We call the graph that consists of all the above graphs \(T_B\), \(P_{t^*}\) and the edge set F and the set of rooted trees at the vertices in \(T_B\) and \(P_{t^*}\) a scheme graph \(\text {SG}( d_\text {max}, k^*, \text {bh}^*, t^*)\).

Fig. 5
figure 5

An illustration of selecting a subgraph H from the scheme graph \(\text {SG}( d_\text {max}, k^*, \text {bh}^*, t^*=n^*-{\text {bl}}^*-1)\): a An acyclic graph \(H\in {\mathcal {H}}(n^*, d_\text {max}, \text {dia}^*, k^*, \text {bh}^*, {\text {bl}}^*)\) with \(n^*=37\), \(d_\text {max}=3\), \(\text {dia}^*(H)=17\), \(k^*=2\), \(\text {bh}^*=2\) and \({\text {bl}}^*=3\), where the labels of some vertices indicate the corresponding vertices in the scheme graph \(\text {SG}( d_\text {max}, k^*, \text {bh}^*, t^*)\); b The \(k^*\)-branch-tree of H for \(k^*=2\); c An acyclic graph \(H'\) selected from \(\text {SG}( d_\text {max}, k^*, \text {bh}^*, t^*)\) as a graph that is isomorphic to H in (a)

Figure 5a illustrates an acyclic graph H with \(n(H)=37\), \(\text {dia}(H)=17\), \(\text {bh}_2(H)=2\) and \({\text {bl}}_2(H)=3\), where the maximum degree of a vertex is 3. Figure 5b illustrates the 2-branch-tree of the acyclic graph H in Fig. 5a. Figure 5c illustrates a subgraph \(H'\) of the scheme graph \(\text {SG}( d_\text {max}, k^*, \text {bh}^*, t^*=n^*-{\text {bl}}^*-1)\) such that \(H'\) is isomorphic to the acyclic graph H in Fig. 5a.

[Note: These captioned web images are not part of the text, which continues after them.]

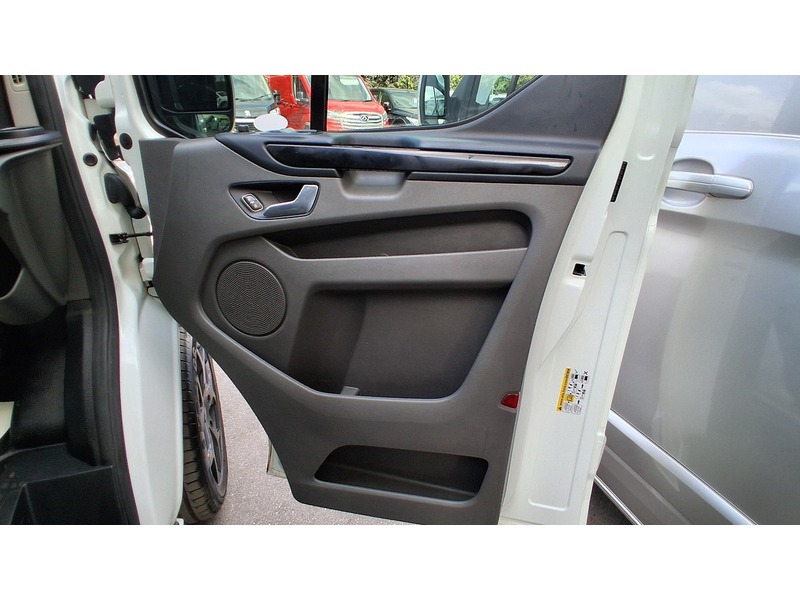 Ford 2.0 300 EcoBlue Limited Panel Van 5dr Diesel Auto L2 H1 Euro 6 (s/s) (130 ps)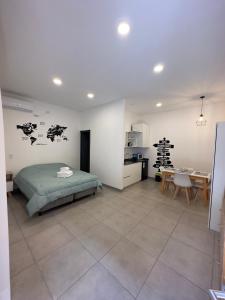 Una cocina o kitchenette en Luxury Apartments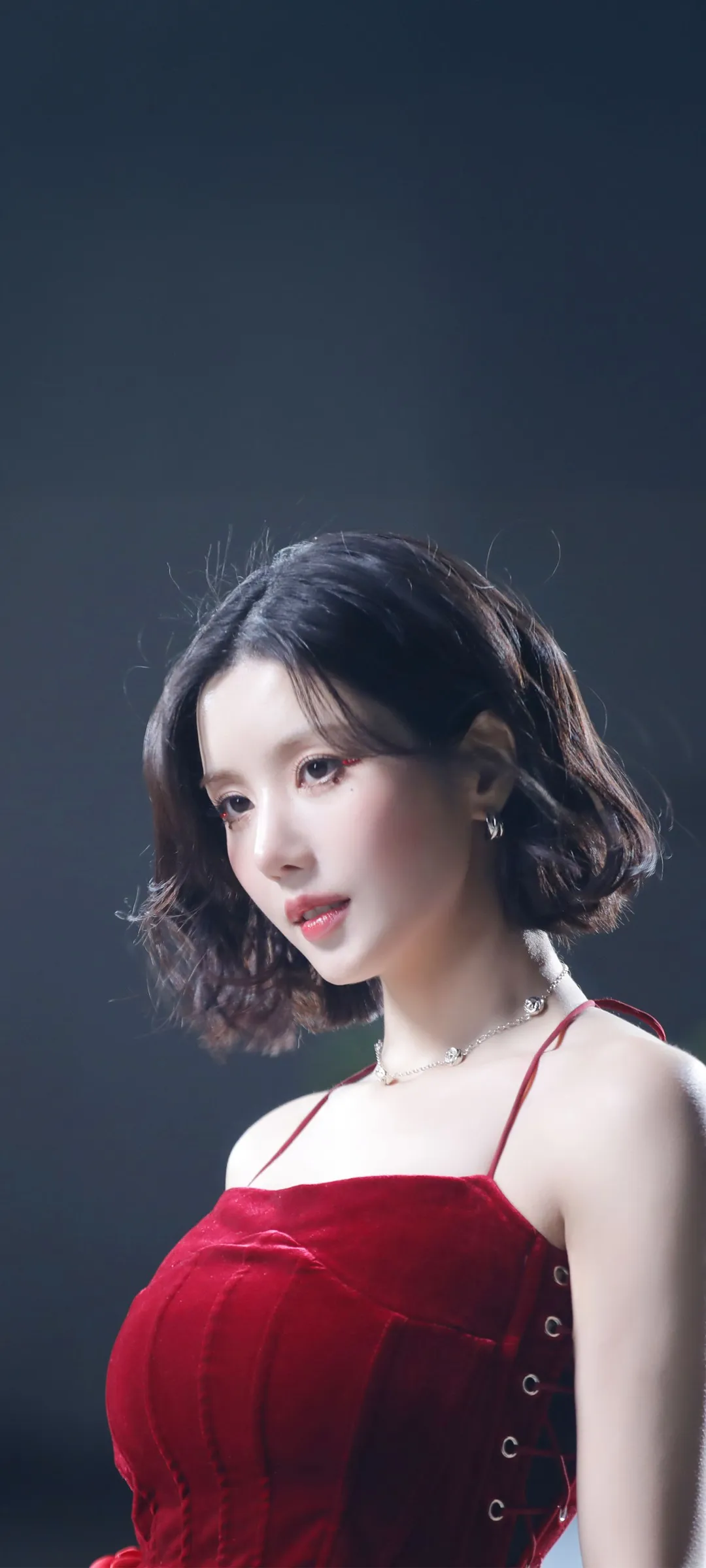 วอลเปเปอร์ หน้าจอล็อก มือถือ Kwon Eun-bi 4K HD ดาวน์โหลด — IZ*ONE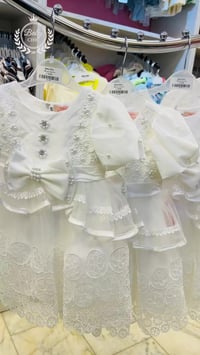 ✨ دللي أميرتك بأجمل الإطلالات ✨ بدلة بناتي أنيقة بلون أبيض ناعم 🤍 تصمي...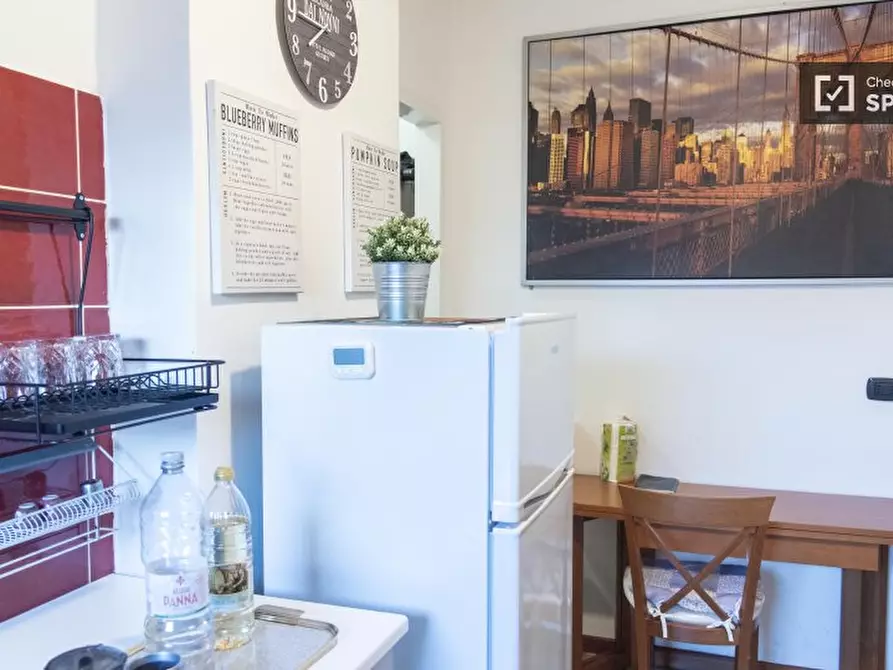 Immagine 12 di Appartamento in affitto  in Via degli Orti Variani a Roma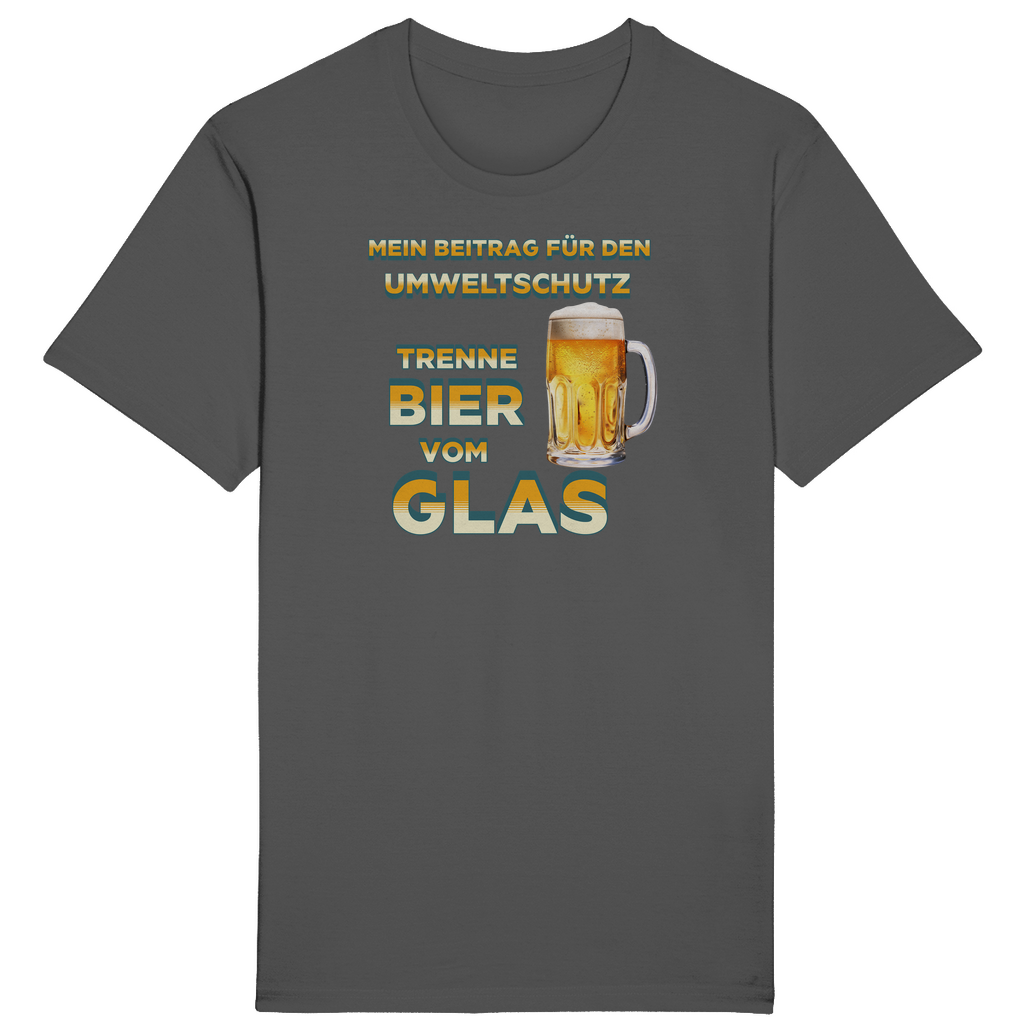 Graues T-Shirt mit einem humorvollen Spruch zum Umweltschutz in gelb-weiß-blauem Farbverlauf: „Mein Beitrag für den Umweltschutz – Trenne Bier vom Glas“. Neben dem Text befindet sich ein Bierkrug mit goldenem Bier und Schaum.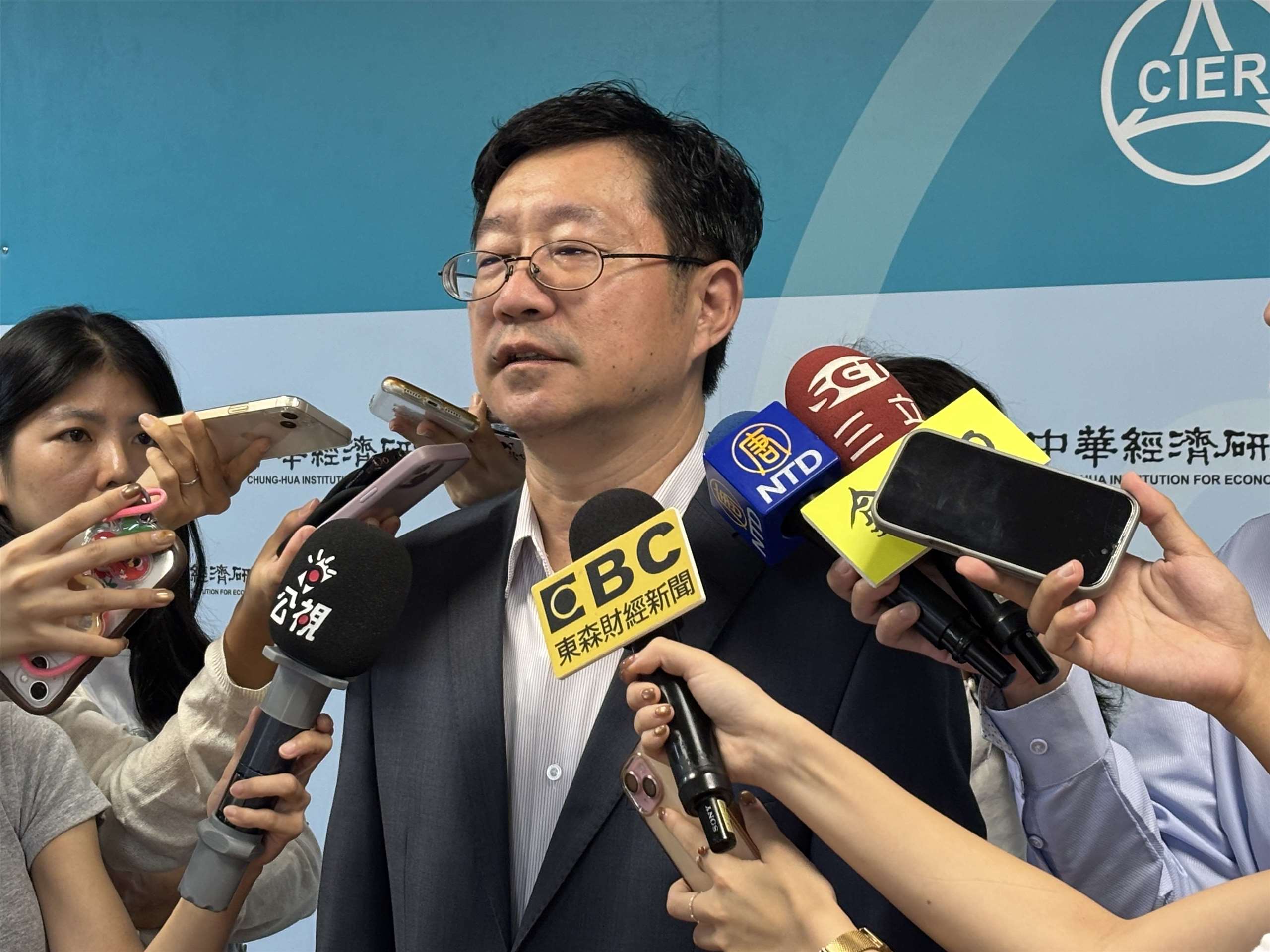 中經院院長連賢明指出，AI科技熱潮推升全球對半導體需求，且下半年維持暢旺，經濟呈「內外皆溫」。(楊文君攝)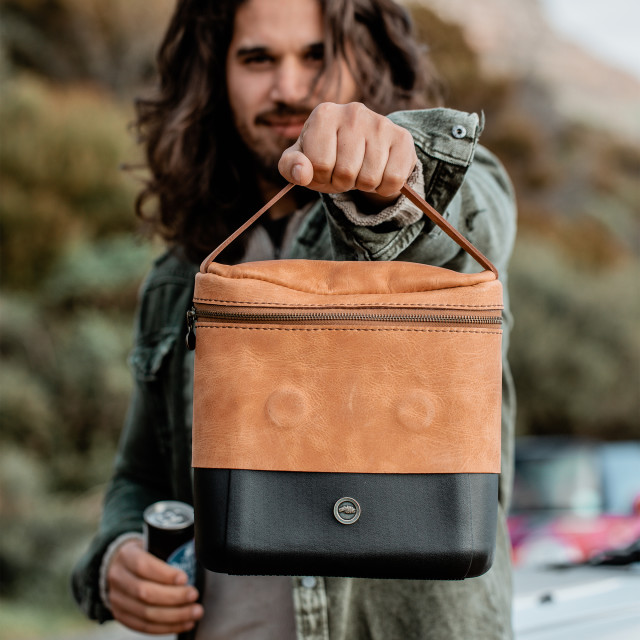 Original Magpie Gin Bag - Tan in use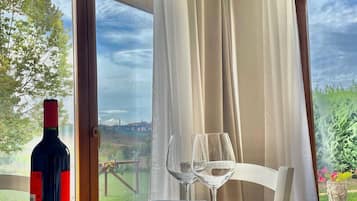 Departamento, 1 habitación, aire acondicionado, vista al jardín | Cocina privada | Refrigerador, microondas, horno y parrilla de estufa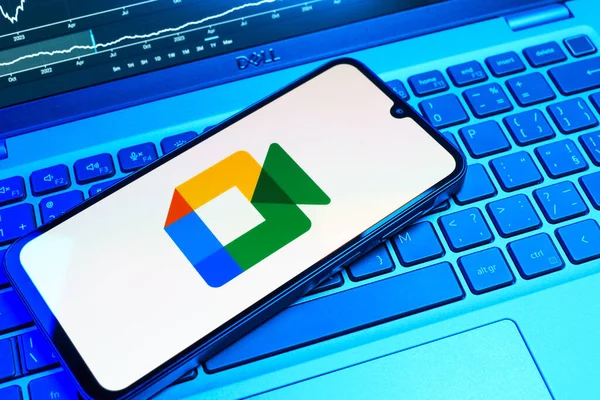 Prag, Çek Cumhuriyeti - 08 18 2025: Google Meet logosunu gösteren bir cep telefonu. Google Meet video toplantıları ve çevrimiçi işbirliği için bir platformdur.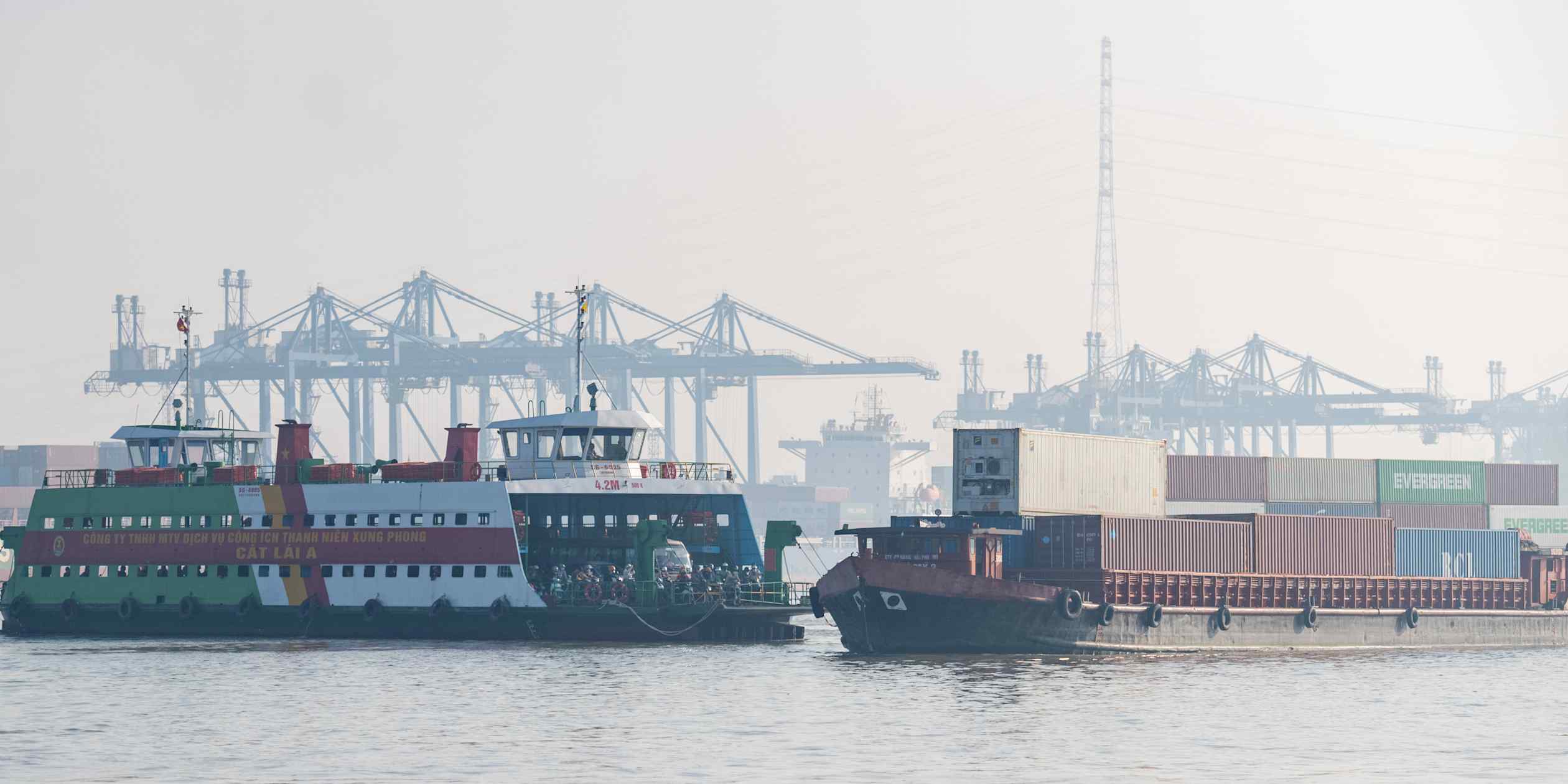 Vietnam's trade surges to record highs amid artificial intelligence boom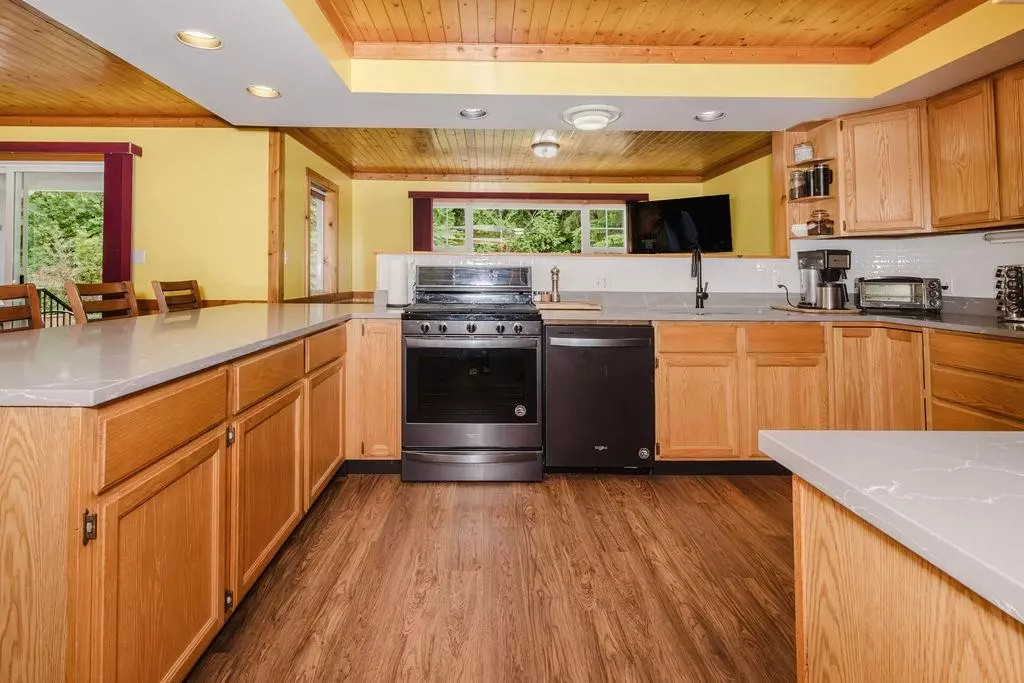 Dining Area Photo of 279 Lark Road, Gibsons, BC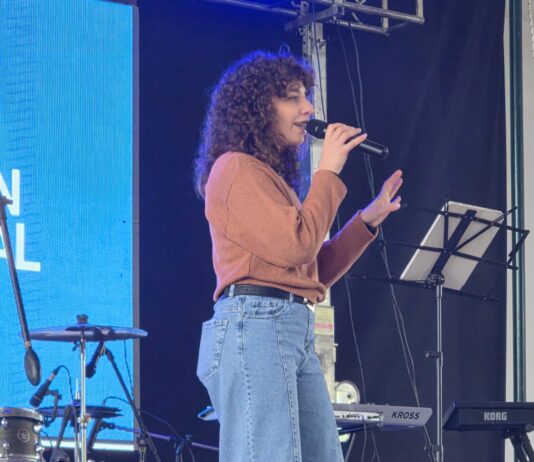 Aldana Canale, una voz que nació de la oración: “No tengan miedo de seguir a Jesús”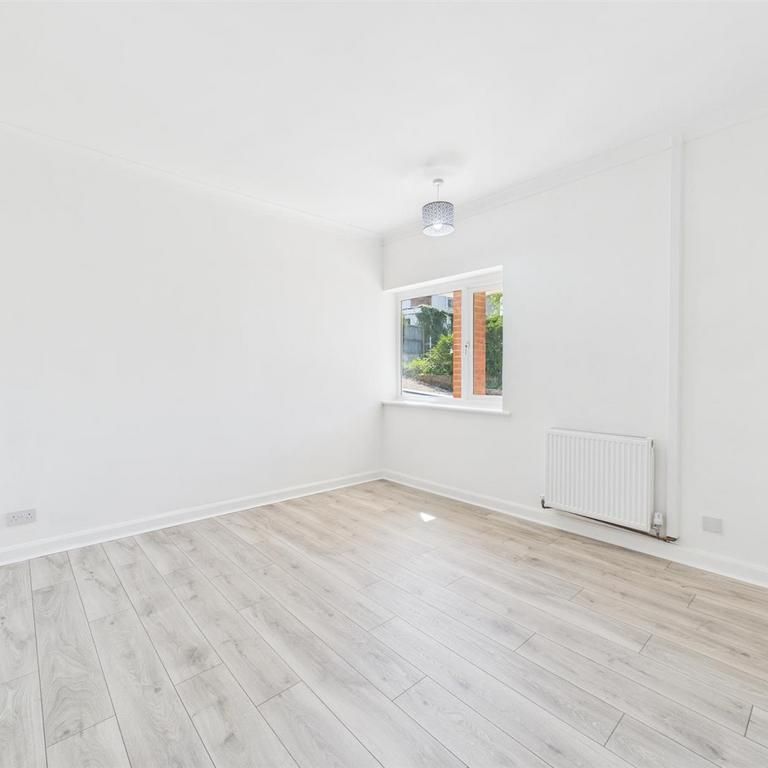 3 bedroom detached bungalow to rent - Photo 1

In this paper, we obtain the following result.

Theorem 2

Let \(\Lambda \) be a set of chemical elements, \(\Gamma \) be a set of adjacency-configurations, where \(|\Lambda |\le |\Gamma |\), and \(K = 2|\Lambda | + 2|\Gamma | + 50\). Given non-negative integers \(n^*\ge 3\), \(d_\text {max}\in \{3,4\}\), \(\text {dia}^*\ge 3\), \(k^*\ge 1\), \(\text {bh}^*\ge 1\) and \({\text {bl}}^*\ge 2\), there is an MILP \({{\mathcal {M}}}(x,g;{\mathcal {C}}_2)\) that consists of variable vectors \(x\in {\mathbb {R}}^K\) and \(g\in {\mathbb {R}}^q\) for an integer \(q=O( |\Gamma |\cdot [ (d_\text {max}-1)^{\text {bh}^*+k^*} +n^*\cdot (d_\text {max}-1)^{\max \{\text {bh}^*,k^*\}})])\) and a set \({\mathcal {C}}_2\) of constraints on x and g with size \(O(|\Gamma | + (d_\text {max}-1)^{\text {bh}^*+k^*} +n^*\cdot (d_\text {max}-1)^{\max \{\text {bh}^*, k^*\}}) )\) such that: \((x^*, g^*)\) is feasible to \({{\mathcal {M}}}(x,g; {\mathcal {C}}_2)\) if and only if \(g^*\) forms a chemical acyclic graph \(G=(H,\alpha ,\beta )\) such that \(H\in {\mathcal {H}}(n^*, d_\text {max}, \text {dia}^*, k^*, \text {bh}^*,{\text {bl}}^*)\) and \(f(G)=x^*\).

Note that our MILP requires only \(O(n^*)\) variables and constraints when the branch-parameter \(k^*\), the \(k^*\)-branch height and \(|\Gamma |\) are constant.

See Appendices B and C for the details of the MILP formulation and the set of all variables and constraints in the MILP formulation, respectively.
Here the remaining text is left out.